Giuseppe De Donno, medico e pioniere della terapia con il plasma iperimmune, venne non solo non ascoltato, ma anche osteggiato, anche se il suo studio proponeva un trattamento terapeutico che aveva avuto notevoli risultati per i pazienti affetti da Covid-19. Ebbene, uno studio americano ha confermato la validità della sua brillante intuizione. Il giornale La Verità ha pubblicato i risultati di una ricerca finanziata dal dipartimento della Difesa americano e dai National institutes of health (Nih), l’agenzia governativa che si occupa di ricerca medica.
De Donno aveva sviluppato un percorso terapeutico a basso costo per combattere il Covid-19, come primario di pneumologia dell’ospedale Carlo Poma di Mantova. La terapia si basava sostanzialmente sull’inoculazione del plasma “convalescente” in pazienti affetti da Covid-19; il 90% dei casi guarì, un risultato sorprendente. Nonostante i risultati ottimali, venne apertamente osteggiato. In un’intervista pubblicata sul giornale La Verità, il 15 giugno 2020, disse: “La terapia con il plasma costa poco, funziona benissimo, non fa miliardari. E io sono un medico di campagna, non un azionista di Big Pharma“. Nell’estate del 2021, il professore De Donno si tolse la vita.
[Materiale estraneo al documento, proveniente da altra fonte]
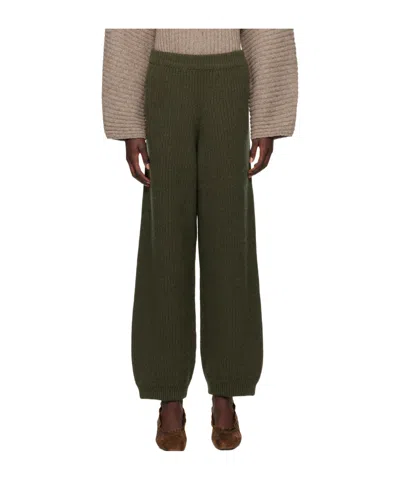 Baserange Elastic Waist Casual Pants In Green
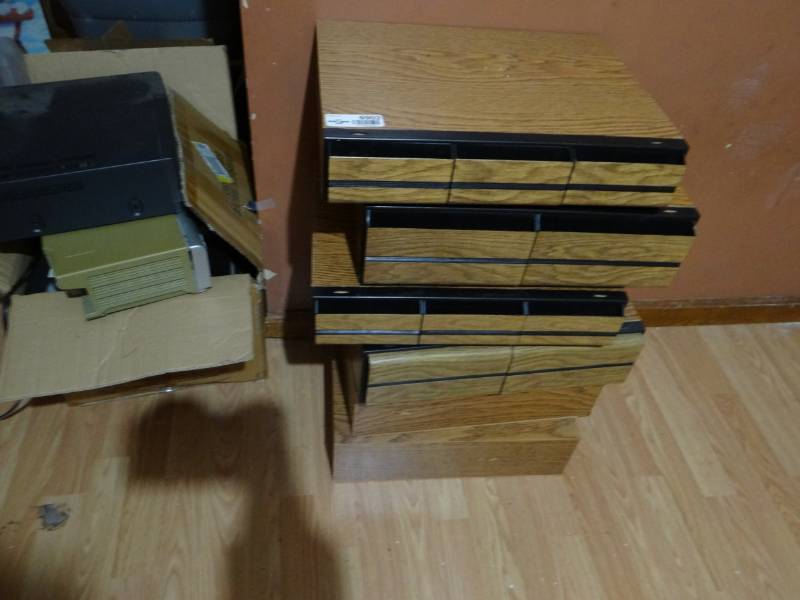 lot 6902 image: Huge lot of VHS tapes, rca camcorders, 2 VHS players, & cassette & VHS tape holders.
La validità della terapia di De Donno per il Covid-19
Come è stato reso noto da La Verità, lo studio americano dimostra la validità della terapia con il plasma e sono due le conclusioni principali che sono state pubblicate su The New England Journal of Medicine (Nejm), che è da annoverare come una delle riviste mediche più autorevoli al mondo. La prima, è che “nei partecipanti, pazienti affetti da Covid-19, la maggior parte dei quali non vaccinati, la somministrazione di plasma convalescente entro 9 giorni dall’insorgenza dei sintomi ha ridotto il rischio di progressione della malattia che porta al ricovero in ospedale». La seconda, che i monoclonali «sono costosi da produrre, richiedono tempo per l’approvazione e potrebbero non essere ampiamente disponibili durante le condizioni di picco di Covid-19“.
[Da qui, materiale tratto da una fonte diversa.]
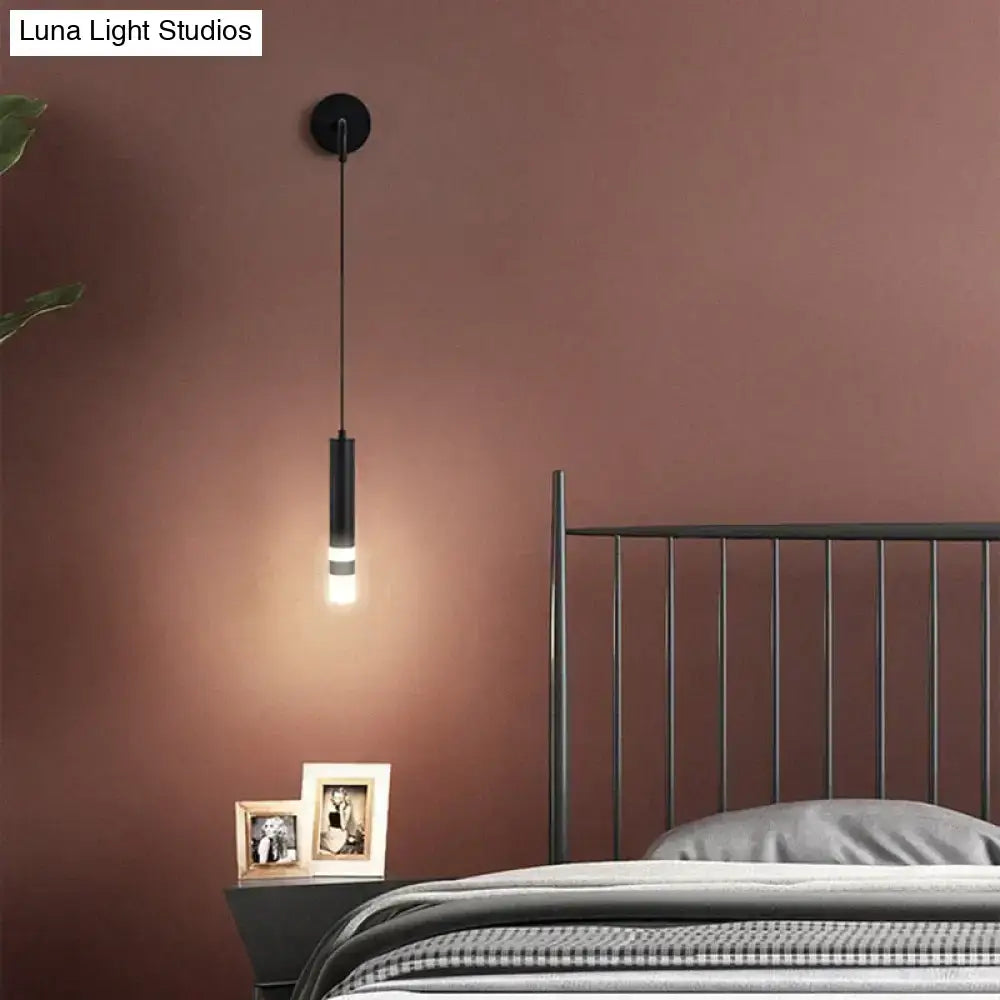 Minimalist creative luxury black & gold bedside wall lamp bedroom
Inoltre, si legge ancora, il plasma convalescente Covid-19 “non ha limiti di brevetto ed è relativamente poco costoso da produrre, poiché molti singoli donatori possono fornire più unità“, sottolineano i ricercatori, primo fra tutti David J. Sullivan della Bloomberg School of Public Health di Baltimora.
Le conclusioni dello studio americano
Nello studio si legge ancora che il plasma convalescente ha un ruolo fondamentale per ridurre l’infiammazione polmonare in risposta all’infezione da Sars-CoV-2, che è il “motivo più comune per l’ospedalizzazione“. Si sono registrati a tal proposito solamente tre decessi furono registrati in ospedale, in partecipanti trattati con il plasma di controllo. Gli autori dello studio evidenziano che “il siero o il plasma immunitario sono stati usati in modo sicuro per il trattamento di malattie infettive per più di cento anni” e che risultati contrastanti “potrebbero essere dovuti alla mancanza di moderni progetti di studio, a piccole dimensioni del campione” così pure a una “somministrazione troppo tempo dopo l’inizio della malattia“.
Tuttavia, Aifa e Iss invece non evidenziarono alcun beneficio del plasma in termini di riduzione del rischio di peggioramento respiratorio o morte nei primi trenta giorni. Lo studio americano ha evidenziato tutta la grandezza grande intuizione del professore per la cura dei pazienti Covid-19.